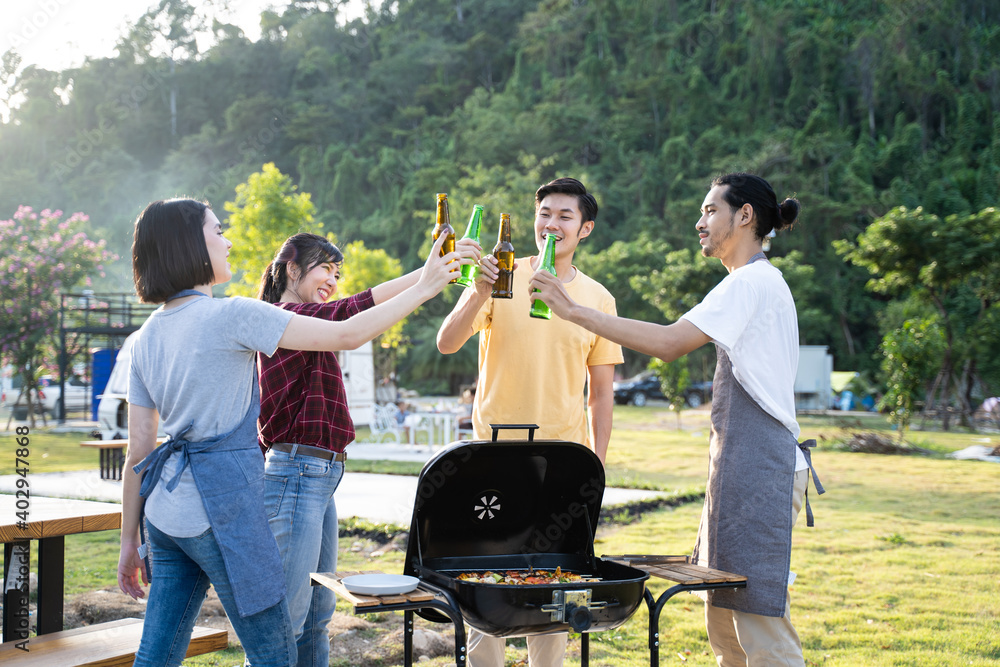 一群亚洲年轻男女在露营时碰瓷啤酒瓶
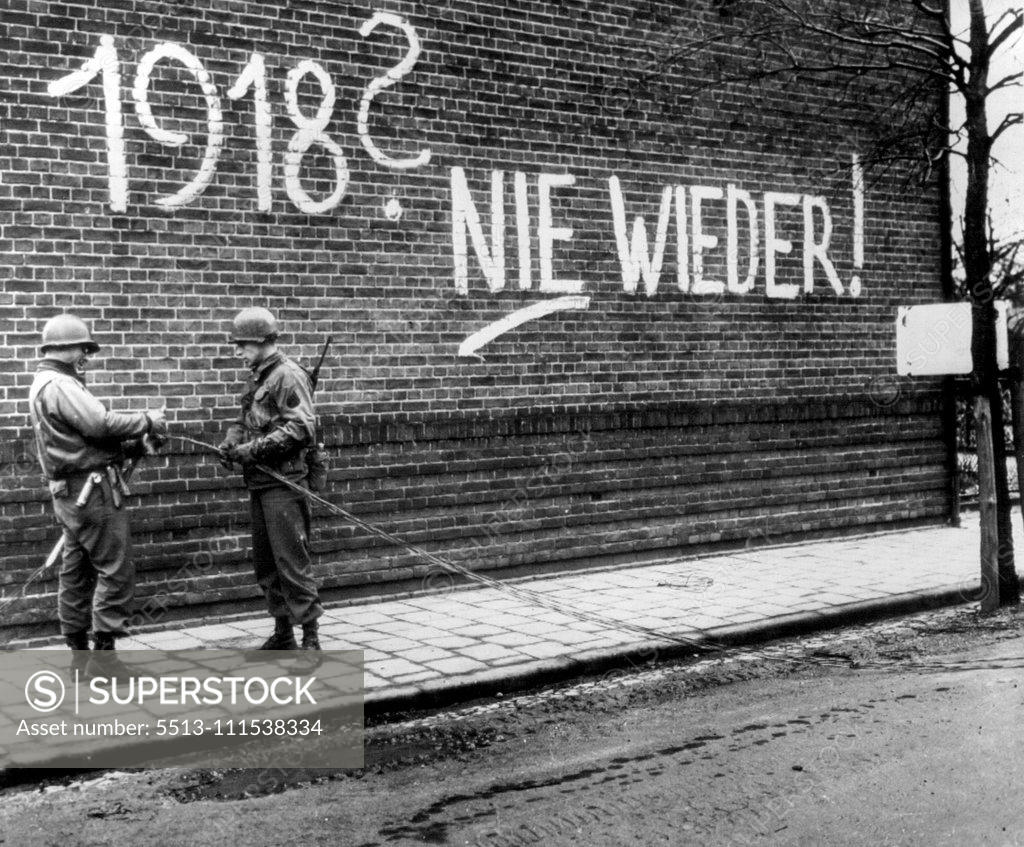 Stock Photo: 5513-111538334 "1918? Never Again" - Two U.S. ninth army signalmen repair wires at a street corner in Echt, Holland, beside a building bearing a painted German propaganda message, reading, "1918? never again!". March 5, 1945. (Photo by AP Wirephoto).
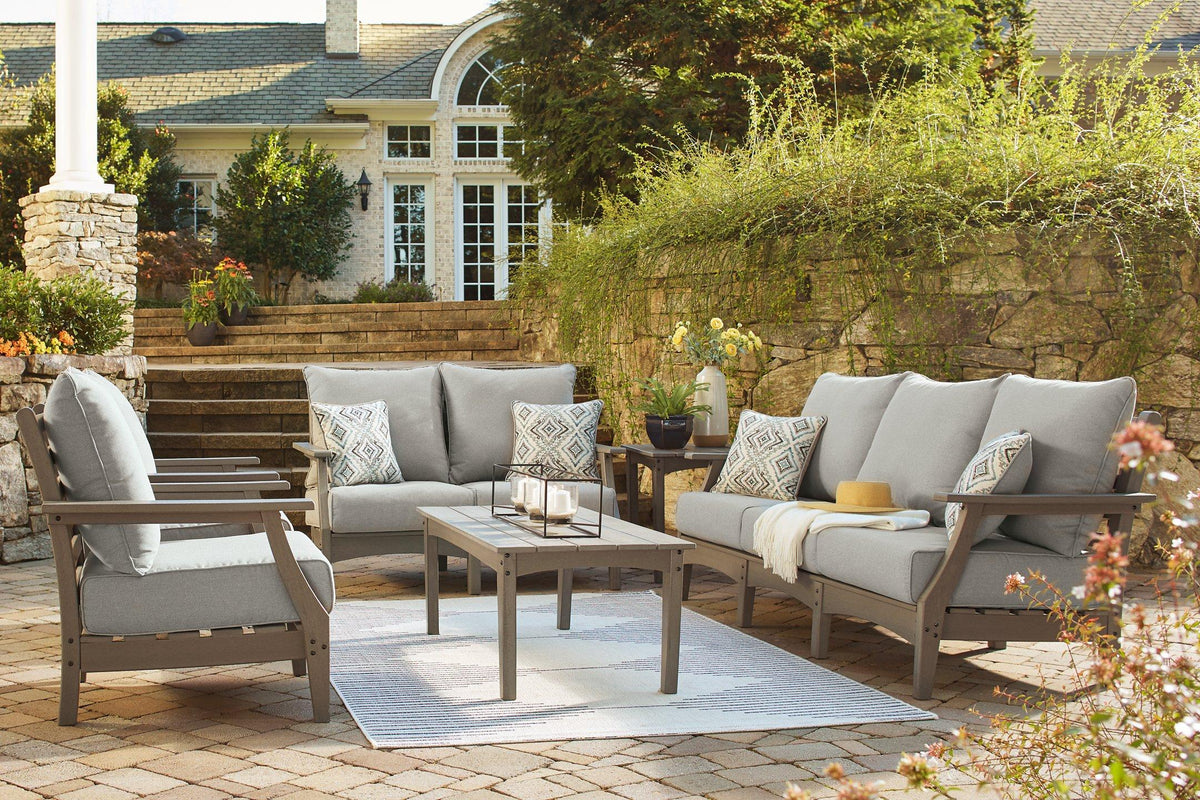 Ashley Furniture Visola outdoor sofa and loveseat set with matching table, featuring cushioned seating and stylish outdoor design.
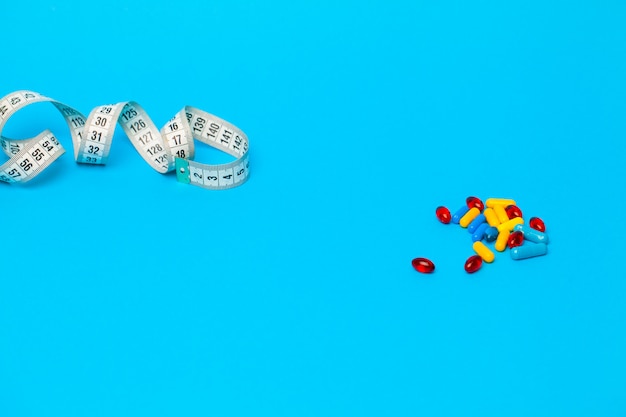 Pills for weight loss and tape measure on blue.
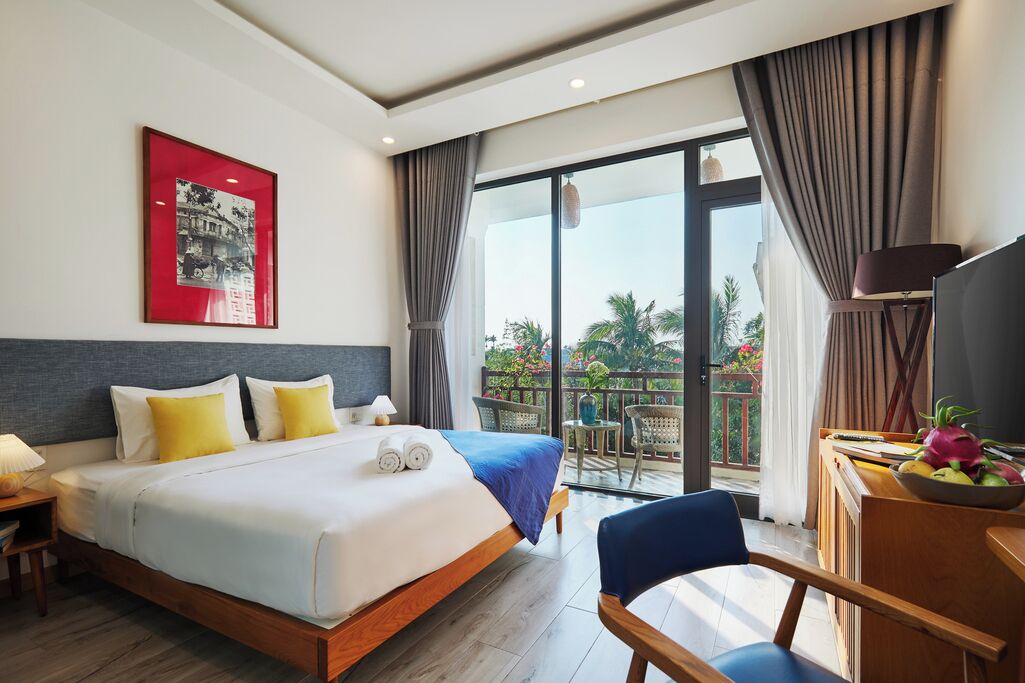 Una camera d'albergo con un letto, una scrivania con una sedia, un balcone con vista e una televisione.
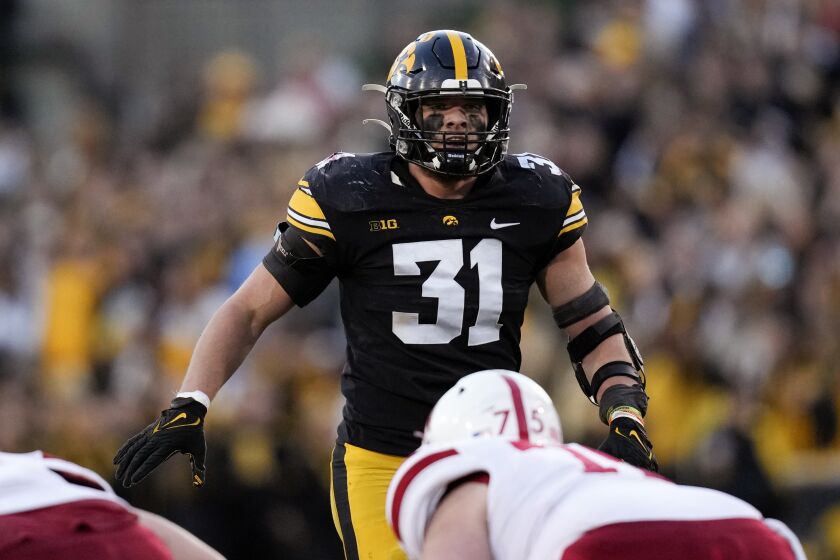 Iowa linebacker Jack Campbell (31) gets set for a play during the first half of an NCAA college football game against Nebraska, Friday, Nov. 25, 2022, in Iowa City, Iowa. (AP Photo/Charlie Neibergall)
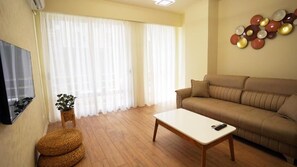 Familienapartment, Stadtblick | Wohnbereich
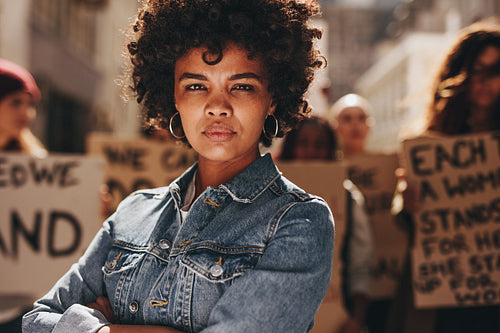 Woman protesting with group of activists 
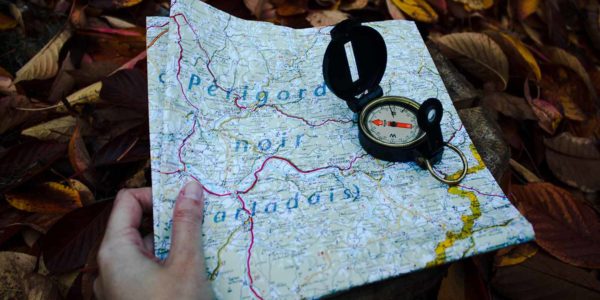 A person holds a folded map with a compass on top of it laying on a bed of leaves.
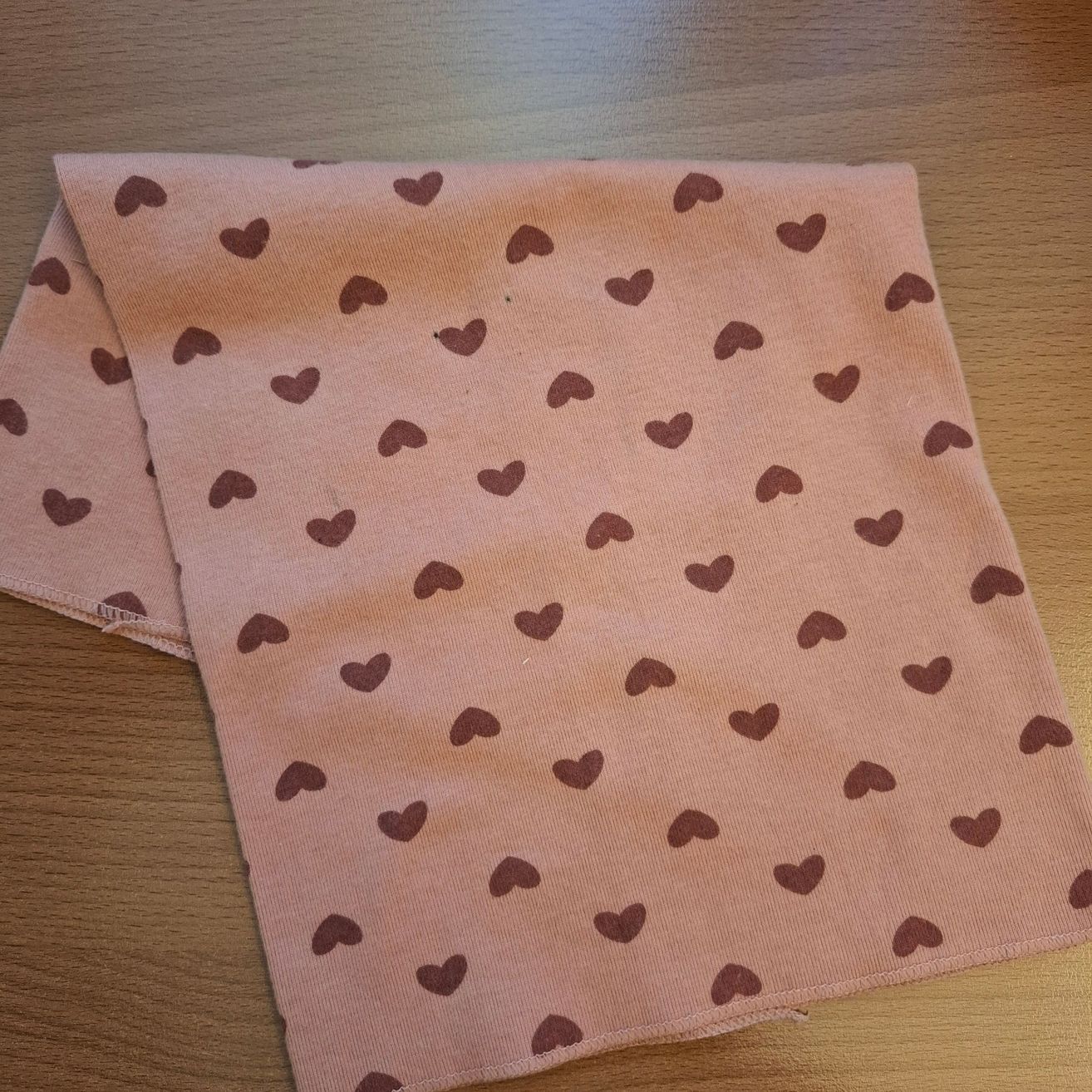Ein rosa Tuch mit Herzensmuster, auf einer Holzoberfläche platziert. Das Herzensmuster ist braun, und der Stoff hat eine leicht strukturierte Oberfläche.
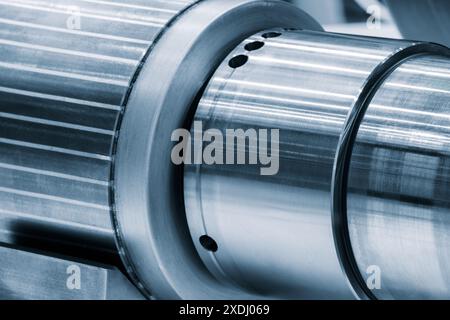 A silver metal tube with a lot of holes in it. The tube is very shiny and looks like it is made of metal Stock Photo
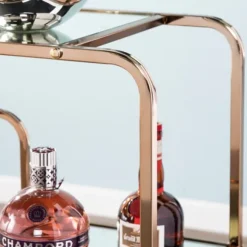 Kirkland's Home Kitchen Islands & Bar Carts-Gold Curved Metal Mirrored Bar Cart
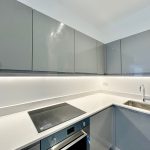 Modern kitchen with grey cabinets and appliances.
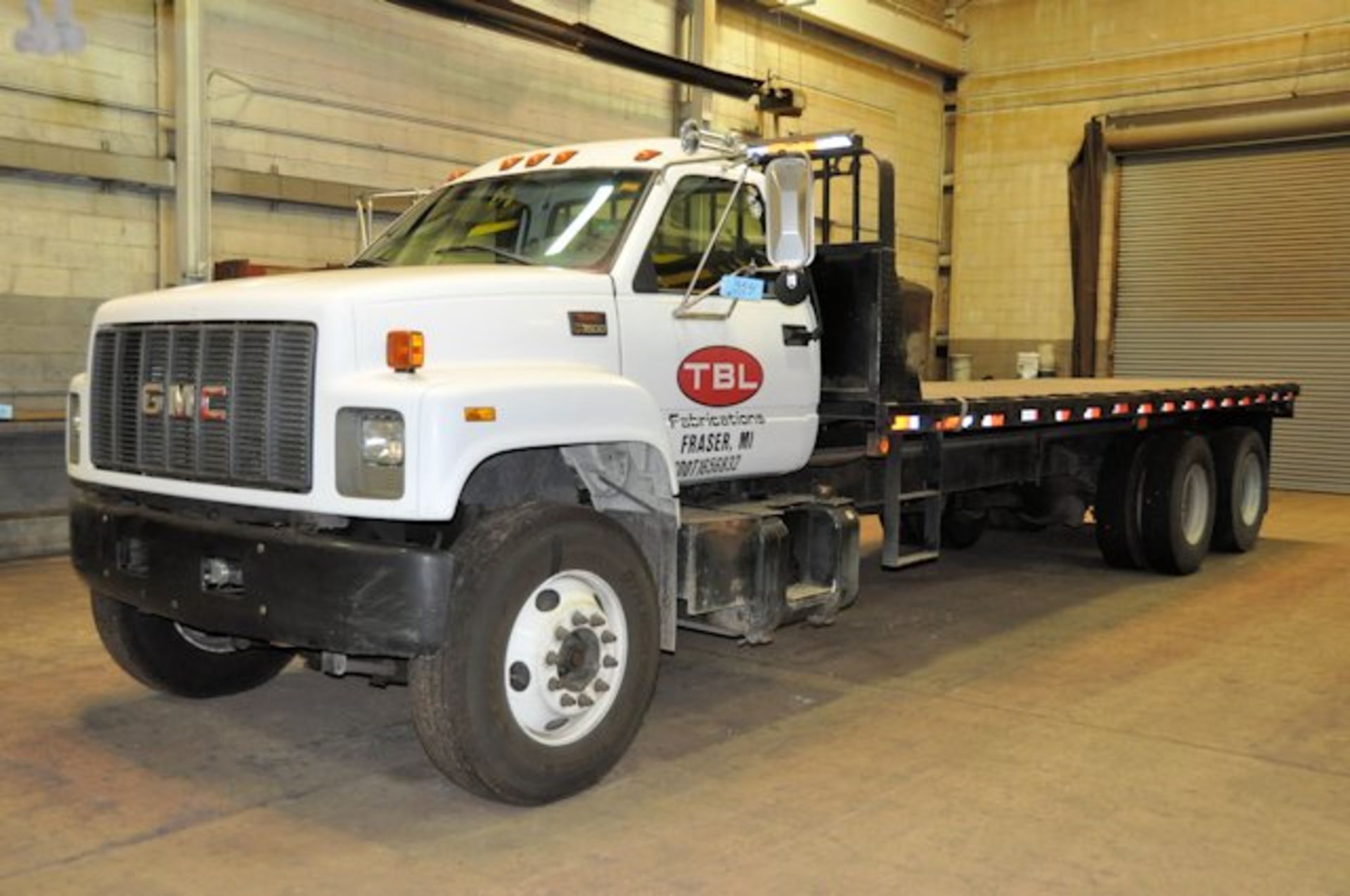 1996 GMC MODEL C7500; Tandem Axle Quad Wheeled 8' x 24' Stake Body Truck; Diesel Engine, Air Brakes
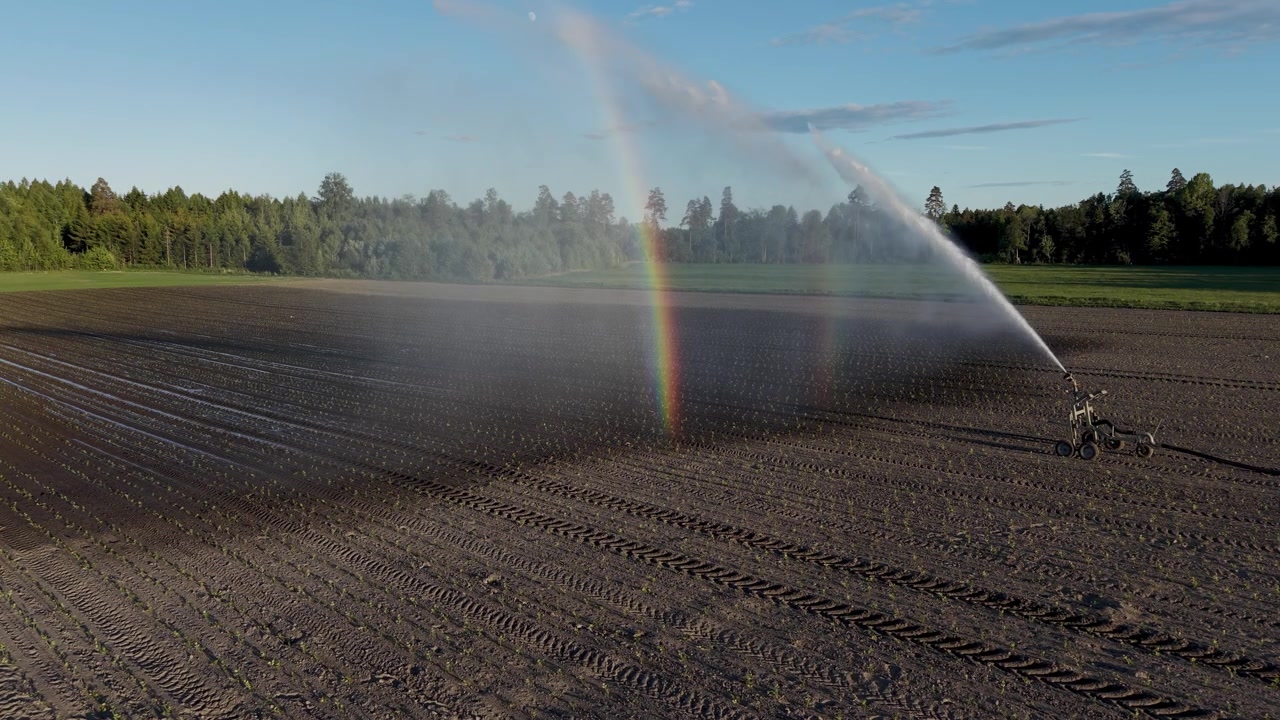 Ripresa al rallentatore con drone di una macchina per l'irrigazione che annaffia un campo, con un arcobaleno visibile nello spruzzo.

## What the task asks:
Beginning with the line that contains "Stock Photo: 5513-111538334" and ending with the line that contains "Ein rosa Tuch", reproduce the listing exactly, pictures excluded.

## Solution for this problem:
 Stock Photo: 5513-111538334 "1918? Never Again" - Two U.S. ninth army signalmen repair wires at a street corner in Echt, Holland, beside a building bearing a painted German propaganda message, reading, "1918? never again!". March 5, 1945. (Photo by AP Wirephoto).
 Ashley Furniture Visola outdoor sofa and loveseat set with matching table, featuring cushioned seating and stylish outdoor design.
 Pills for weight loss and tape measure on blue.
 Una camera d'albergo con un letto, una scrivania con una sedia, un balcone con vista e una televisione.
 Iowa linebacker Jack Campbell (31) gets set for a play during the first half of an NCAA college football game against Nebraska, Friday, Nov. 25, 2022, in Iowa City, Iowa. (AP Photo/Charlie Neibergall)
 Familienapartment, Stadtblick | Wohnbereich
 Woman protesting with group of activists 
 A person holds a folded map with a compass on top of it laying on a bed of leaves.
Ein rosa Tuch mit Herzensmuster, auf einer Holzoberfläche platziert. Das Herzensmuster ist braun, und der Stoff hat eine leicht strukturierte Oberfläche.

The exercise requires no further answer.